REPUBLIKA.CO.ID, oleh Rizkyan Adiyudha, Rizky Suryarandika, Dadang Kurnia
Operasi tangkap tangan (OTT) yang digelar KPK terhadap Bupati Probolinggo Puput Tantriana Sari dkk belum lama ini berlanjut pada pengungkapan bahwa, selama ini Puput memerlukan persetujuan dari mantan bupati Probolinggo, Hasan Aminuddin dalam sejumlah keputusan strategis. Termasuk jika Puput ingin melakukan pengangkatan jabatan di Kabupaten Probolinggo, harus melalui persetujuan Hasan.
"Semua keputusan yang akan diambil bupati harus dengan persetujuan suami bupati, termasuk pengangkatan pejabat harus lewat suaminya dan suaminya membubuhkan paraf dulu," kata Ketua KPK Firli Bahuri di Jakarta, Selasa (7/9).
Firli menilai, bahwa tindakan tersebut tentu tidak dapat dibenarkan meski Hasan sempat menjabat bupati Probolinggo dua periode. Dia melanjutkan, apa yang dilakukan oleh suami Puput tersebut memperburuk kualitas kerja pejabat di Probolinggo.
"Kalau ini terus terjadi, sulit rasanya masyarakat menerima pelayanan yang mudah, murah dan berkualitas terbaik," katanya.
Firli mengaku prihatin dengan adanya suap lelang jabatan hingga ke tingkat kepala desa (kades). Mantan deputi penindakan KPK menilai tidak menutup kemungkinan suap dilakukan bukan hanya jabatan kepala desa tetapi hingga ke camat, kepala sekolah, kepala dinas dan jabatan publik lainnya.

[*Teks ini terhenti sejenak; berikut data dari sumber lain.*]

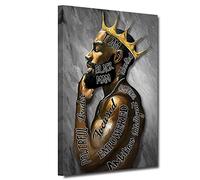 ZHONGYUTONG Abstract Canvas Prints Black Men Wall Art African American Men Portrait I Am Enough Art Afro King Poster Painting Home Decoration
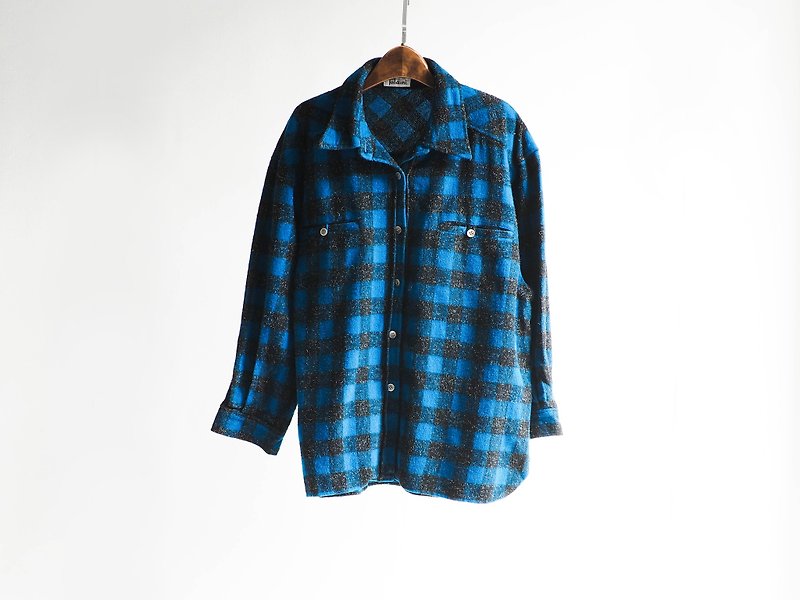 河水山 - 長崎的土耳其藍天空格紋烈陽 燈芯絨古董襯衫外套 古著 中性 shirt oversize vintage - 恤衫 - 羊毛 藍色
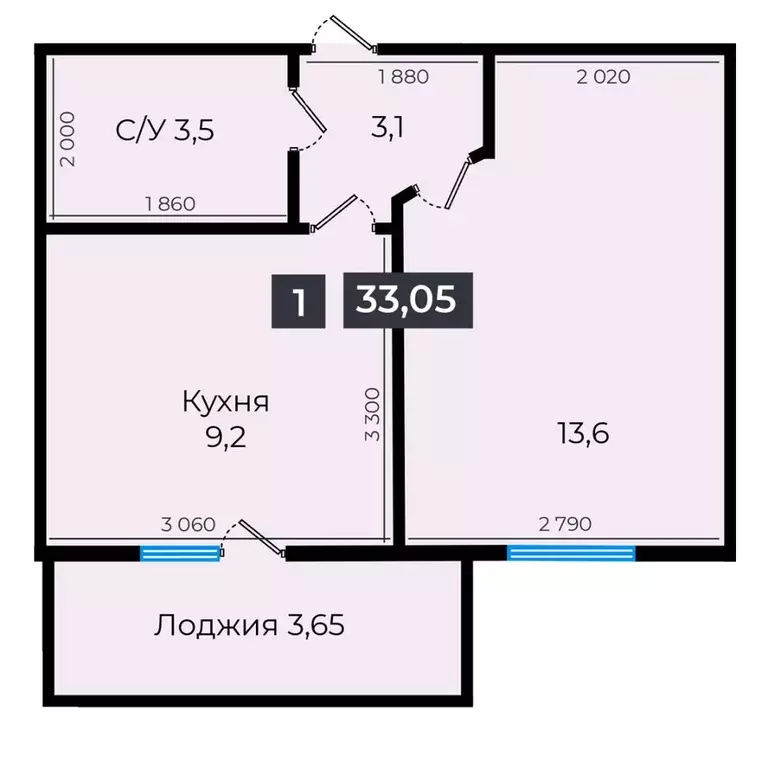 1-к кв. Ставропольский край, Ставрополь ул. Южный обход, 53Б (33.05 м) - Фото 1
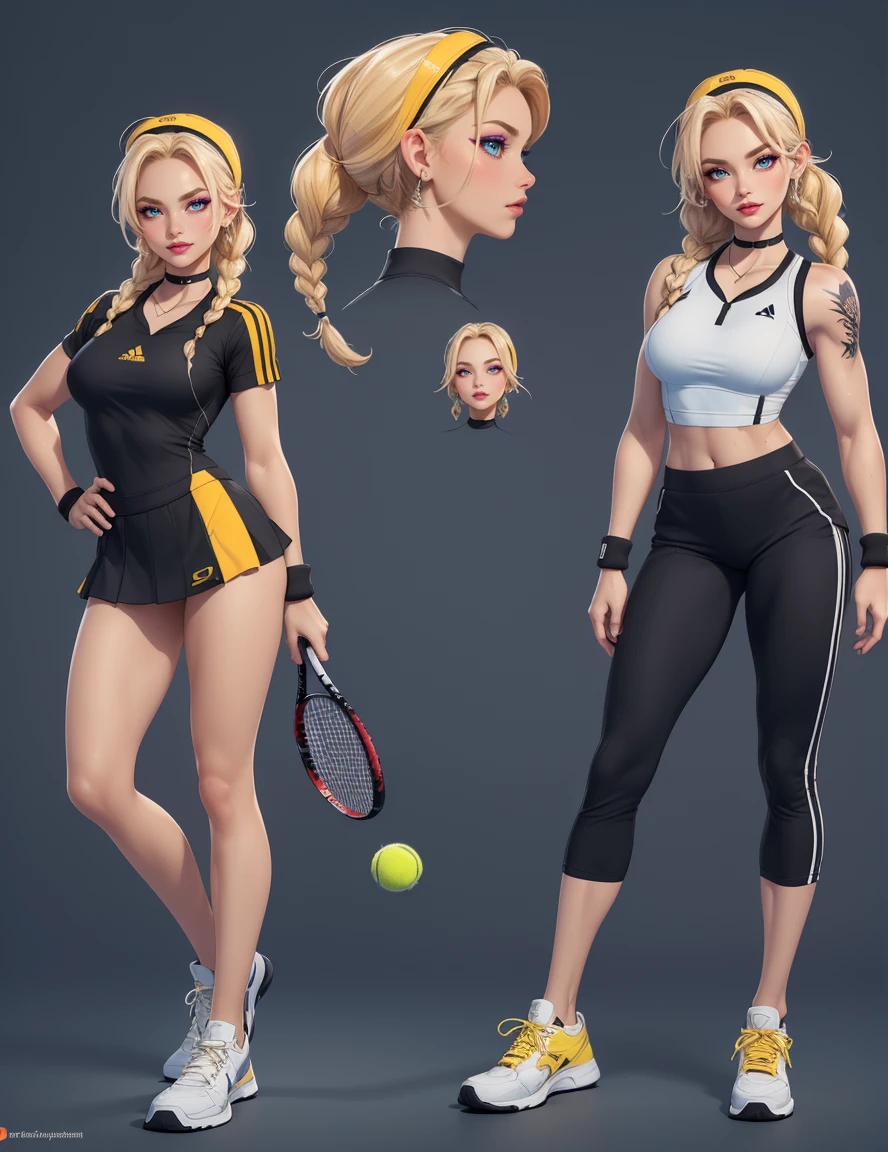 The concept character sheet of a strong, attractive, and hot lady player tennis, (player tennis style), wearing black and yellow player tennis clothes, white sneakers and cap. Her face is oval, forehead is smooth and visibly rounded at the temples. jawline is softly defined, giving her a gentle and feminine appearance, full body, Full of details, frontal body view, back body view, Highly detailed, Depth, Many parts, ((Masterpiece, Highest quality)), 8k, Detailed face, scars, serious expression. Infographic drawing. Multiple sexy poses. tattoos,3d, (braids blond), (light blue eyes), choker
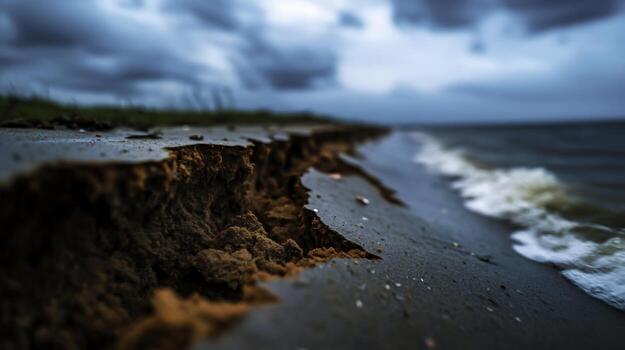 Eroding Shoreline at Dusk with Dramatic Clouds and Gentle Waves Lapping on the Beach photo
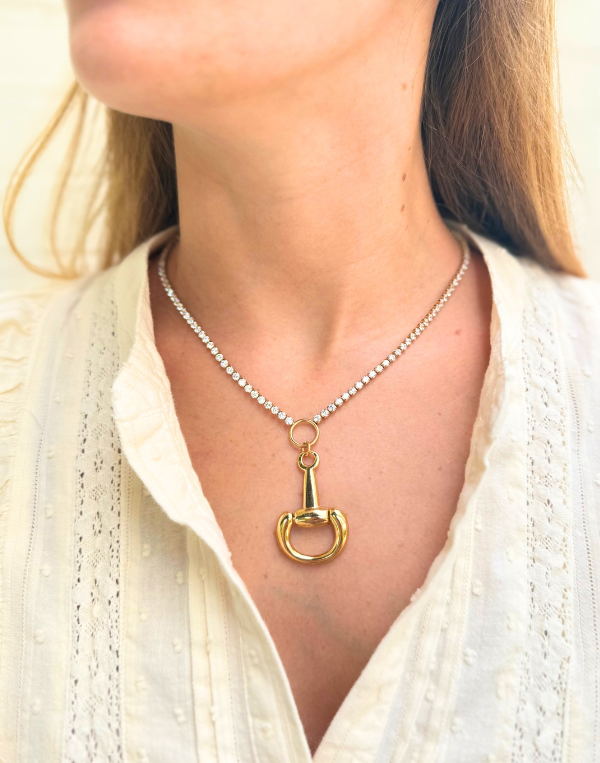 Rhinestone Horse Bit Necklace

Pada Rabu (8/9), KPK memeriksa lima tersangka terkait kasus Puput. Kelima tersangka itu merupakan calon kades yang memberikan suap kepada Puput selaku bupati.
Menurut Plt Juru Bicara KPK, Ali Fikri, penyidik memperjelas keterlibatan dan peran suami bupati, Hasan Aminudin (HA) dalam perkara suap tersebut lewat pemeriksaan terhadap lima tersangka.
"Para saksi dikonfirmasi terkait dengan tahapan pengusulan nama untuk bisa menjadi pejabat kepala desa dan dugaan adanya pemberian uang untuk mendapatkan persetujuan dari tersangka PTS melalui tersangka HA," kata Ali Fikri di Jakarta, Kamis (9/9).
Adapun, kelima tersangka yang diminta kesaksiannya adalah Mawardi, Ali Wafa, Mashudi, Mohammad Bambang dan Jaelani. Pemeriksaan dilakukan di Gedung Merah Putih KPK, Kuningan, Jakarta Selatan.
Perkara bermula saat akan dilakukan pemilihan kades serentak tahap II di Kabupaten Probolinggo. Terdapat 252 kades dari 24 Kecamatan di Kabupaten Probolinggo yang selesai menjabat.
Untuk mengisi kekosongan jabatan tersebut maka akan diisi oleh penjabat kades yang berasal dari para ASN di Kabupaten Probolinggo. Pengusulan nama-nama kades tersebut dilakukan melalui Camat.
Pemilihan itu memiliki syarat khusus , di mana usulan nama para pejabat kades harus mendapatkan persetujuan Hasan Aminuddin dalam bentuk paraf pada nota dinas pengusulan nama. Para calon pejabat kades kemudian diwajibkan memberikan dan menyetorkan sejumlah uang.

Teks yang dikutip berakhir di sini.